Scientists have conducted extensive studies to ensure that Yucca Mountain is a safe and suitable place for a waste repository, Abraham said.  The research, which has lasted 24 years at a cost of $4 billion, has involved mapping the mountain’s geologic structure and collecting more than 18,000 rock and water samples plus 75,000 feet of core samples.

Based on the research, scientists have concluded that Yucca Mountain would be a safe location for the waste repository, Abraham said, adding that the repository would be able to meet U.S. Environmental Protection Agency standards for 10,000 years.

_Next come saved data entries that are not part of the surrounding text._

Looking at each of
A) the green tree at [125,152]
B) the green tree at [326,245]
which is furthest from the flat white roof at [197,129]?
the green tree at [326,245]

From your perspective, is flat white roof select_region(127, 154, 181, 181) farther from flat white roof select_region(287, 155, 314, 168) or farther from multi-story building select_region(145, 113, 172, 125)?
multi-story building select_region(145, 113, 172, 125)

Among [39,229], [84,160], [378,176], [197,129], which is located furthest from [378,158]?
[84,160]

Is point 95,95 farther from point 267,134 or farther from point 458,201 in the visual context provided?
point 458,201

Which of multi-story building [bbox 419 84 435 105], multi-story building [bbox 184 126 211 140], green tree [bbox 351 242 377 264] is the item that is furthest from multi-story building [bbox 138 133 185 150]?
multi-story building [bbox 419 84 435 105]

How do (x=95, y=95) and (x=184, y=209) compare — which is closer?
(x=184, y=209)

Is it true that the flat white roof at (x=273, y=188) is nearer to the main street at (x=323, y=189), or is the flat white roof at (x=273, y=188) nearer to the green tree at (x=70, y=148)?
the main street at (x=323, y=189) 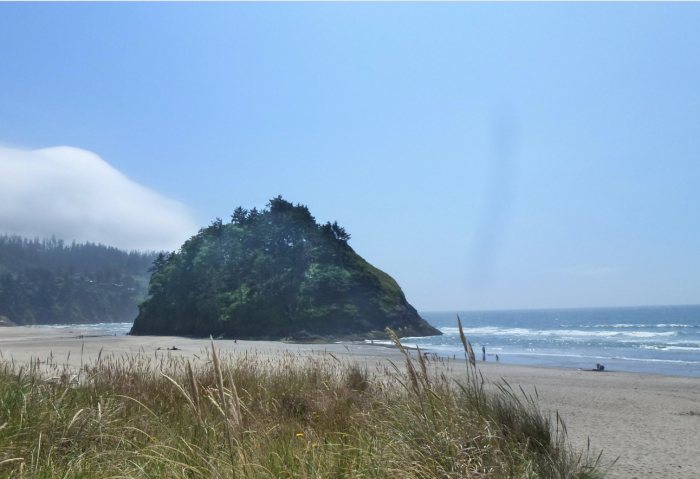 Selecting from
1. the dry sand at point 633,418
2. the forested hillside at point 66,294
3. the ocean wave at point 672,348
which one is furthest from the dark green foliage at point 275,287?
the forested hillside at point 66,294

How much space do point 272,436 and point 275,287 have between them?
47712 mm

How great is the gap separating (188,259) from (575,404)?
54220 millimetres

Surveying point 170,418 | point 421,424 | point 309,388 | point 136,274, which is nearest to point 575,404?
point 309,388

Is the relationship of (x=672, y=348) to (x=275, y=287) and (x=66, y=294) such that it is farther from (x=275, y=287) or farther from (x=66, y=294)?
(x=66, y=294)

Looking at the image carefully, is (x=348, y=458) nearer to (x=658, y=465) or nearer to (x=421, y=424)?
(x=421, y=424)

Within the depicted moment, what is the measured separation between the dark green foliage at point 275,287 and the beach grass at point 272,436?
4243 cm

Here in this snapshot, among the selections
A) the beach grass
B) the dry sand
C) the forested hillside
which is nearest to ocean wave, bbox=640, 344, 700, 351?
the dry sand

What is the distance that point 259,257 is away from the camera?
52.8 metres

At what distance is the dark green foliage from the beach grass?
4243 cm

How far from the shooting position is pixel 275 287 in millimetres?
51281

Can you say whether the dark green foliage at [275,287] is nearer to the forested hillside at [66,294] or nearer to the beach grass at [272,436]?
the beach grass at [272,436]

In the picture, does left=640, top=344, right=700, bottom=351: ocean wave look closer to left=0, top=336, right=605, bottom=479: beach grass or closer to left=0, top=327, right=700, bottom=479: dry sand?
left=0, top=327, right=700, bottom=479: dry sand

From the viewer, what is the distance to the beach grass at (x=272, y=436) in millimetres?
3092

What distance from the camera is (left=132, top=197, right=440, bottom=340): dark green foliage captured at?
49.9 m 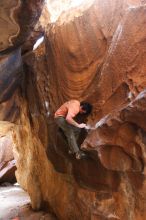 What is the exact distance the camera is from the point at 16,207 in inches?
413

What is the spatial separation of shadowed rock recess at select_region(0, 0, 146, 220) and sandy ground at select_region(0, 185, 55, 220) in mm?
381

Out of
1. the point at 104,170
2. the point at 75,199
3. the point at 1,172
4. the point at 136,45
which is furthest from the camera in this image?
the point at 1,172

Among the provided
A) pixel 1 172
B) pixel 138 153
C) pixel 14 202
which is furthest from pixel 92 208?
pixel 1 172

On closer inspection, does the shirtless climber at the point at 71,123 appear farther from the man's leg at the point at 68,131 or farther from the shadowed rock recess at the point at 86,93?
the shadowed rock recess at the point at 86,93

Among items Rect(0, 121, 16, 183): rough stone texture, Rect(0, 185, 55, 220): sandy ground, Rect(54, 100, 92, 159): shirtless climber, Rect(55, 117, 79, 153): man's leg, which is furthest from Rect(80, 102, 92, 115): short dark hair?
Rect(0, 121, 16, 183): rough stone texture

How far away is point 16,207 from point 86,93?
579 cm

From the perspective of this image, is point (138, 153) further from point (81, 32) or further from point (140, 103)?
point (81, 32)

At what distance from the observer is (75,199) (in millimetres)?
7293

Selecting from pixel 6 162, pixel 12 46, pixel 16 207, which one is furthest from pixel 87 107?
pixel 6 162

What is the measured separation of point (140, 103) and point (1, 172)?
40.5 ft

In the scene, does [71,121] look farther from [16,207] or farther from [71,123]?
[16,207]

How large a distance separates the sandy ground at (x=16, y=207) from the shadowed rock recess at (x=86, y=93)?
38 cm

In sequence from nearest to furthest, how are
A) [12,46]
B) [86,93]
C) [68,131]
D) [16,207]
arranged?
[68,131], [86,93], [12,46], [16,207]

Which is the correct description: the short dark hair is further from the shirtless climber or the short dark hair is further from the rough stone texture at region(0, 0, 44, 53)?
the rough stone texture at region(0, 0, 44, 53)
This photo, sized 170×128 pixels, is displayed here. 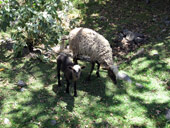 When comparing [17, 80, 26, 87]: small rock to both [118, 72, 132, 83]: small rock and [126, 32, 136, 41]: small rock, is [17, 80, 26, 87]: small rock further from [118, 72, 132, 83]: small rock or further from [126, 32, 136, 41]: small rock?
[126, 32, 136, 41]: small rock

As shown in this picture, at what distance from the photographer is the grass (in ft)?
19.2

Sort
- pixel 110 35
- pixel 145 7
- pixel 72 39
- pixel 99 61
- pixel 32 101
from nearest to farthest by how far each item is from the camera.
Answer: pixel 32 101 < pixel 99 61 < pixel 72 39 < pixel 110 35 < pixel 145 7

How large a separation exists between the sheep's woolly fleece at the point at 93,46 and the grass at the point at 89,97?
106 cm

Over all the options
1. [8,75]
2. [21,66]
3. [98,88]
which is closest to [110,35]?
[98,88]

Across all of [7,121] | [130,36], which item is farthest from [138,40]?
[7,121]

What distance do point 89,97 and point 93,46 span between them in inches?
84.0

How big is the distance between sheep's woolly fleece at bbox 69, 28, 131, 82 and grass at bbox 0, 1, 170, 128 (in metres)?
1.06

“Here’s what this means,” Abraham said.  “Someone living 11 miles away from the site 10,000 years from now would be less exposed to radiation than he would be on a normal plane flight from Las Vegas to New York.”

Experts have based the decision that Yucca Mountain is safe on several worst-case scenarios, including earthquakes, the possibility of volcanic activity and the effects of water corrosion on the casks that would store the nuclear waste, Abraham said (see GSN, March 13).

“We even analyzed what would happen during the next ice age when Nevada’s climate changed and rainfall increased dramatically,” he said.  “Yucca Mountain would still meet EPA standards.”

The Yucca Mountain project is important to both national and homeland security, Abraham said.  Spent nuclear fuel taken from nuclear-powered aircraft carriers and submarines must be disposed of for those ships to function, he said, adding that a nuclear waste repository would also help U.S.-Russian nonproliferation efforts.  More than 161 million people live near temporary spent-fuel storage sites.

“We believe that today these sites are safe, but prudence demands we consolidate this waste from widely dispersed aboveground sites into a deep underground location that can be better protected,” he said.

Abraham said that lacking scientific evidence, critics of Yucca Mountain have resorted to scare tactics to raise opposition to the plan, such as the fear of a transportation accident or terrorist attack on spent-fuel shipments (see GSN, March 14).  The United States has transported nuclear waste for more than 30 years with no harmful accidents or releases of radiation, he said.

“So far as terrorists are concerned, why wouldn’t they first attack stationary, aboveground facilities that lie in known locations near heavily populated cities, rather than wait 10 years until the material is being moved — in secret — in secure containers surrounded by heavily armed guards?” Abraham asked (Spencer Abraham, Washington Post, March 26).